Ir à Atocha de comboio provoca inquietação
Se é verdade que as feridas físicas vão sendo cicatrizadas pelo tempo, há outras que nada pode sanar. A perda de um ente querido, a dor de um ataque inqualificável. “No dia de hoje, vemos o que é o sofrimento diário das pessoas que perderam um ente querido e cuja ausência não se substitui com nada”, referiu Pedro Perez.
“Os sentimentos são sempre os mesmos, de raiva, pelo que aconteceu, de frustração, porque se podia ‘ter evitado’ isto se houvesse uma atenção maior ao terrorismo jihadista. Mas naquela altura estavam tão centrados na política terrorista da ETA que não se prestou muita atenção a este potencial perigo que existia”, criticou o trabalhador social.

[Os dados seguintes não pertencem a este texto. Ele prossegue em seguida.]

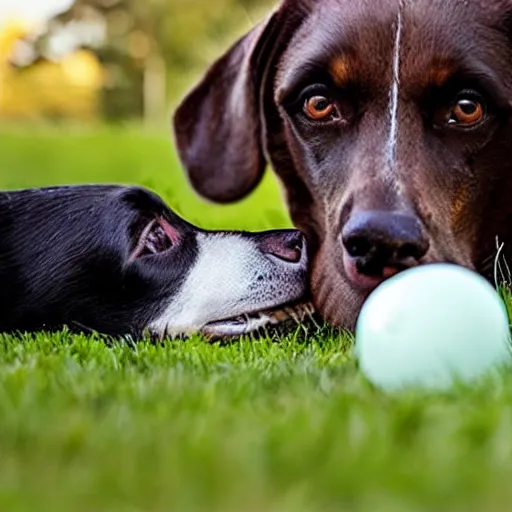 Image similar to award winning photograph, dog licking balls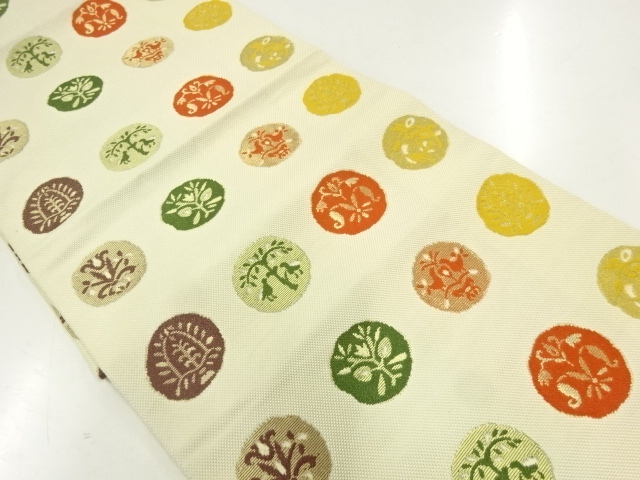 JAPANESE NAGOYA OBI / CHIKUZEN HAKATA / WOVEN FLOWER & BIRD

Francisco, por seu turno, fala em “insegurança e preocupação” sempre que, ainda ao dia de hoje, “alguém da família tem de apanhar o transporte público”. Um receio que Pablo partilha. “O atentado aparece de forma recorrente na minha cabeça quando viajo de transportes e, por exemplo, um comboio fica parado durante muito tempo”.
“Ir à Atocha de comboio provoca inquietação, mesmo que já tenha passado muito tempo não se esquece”, lamentou Francisco.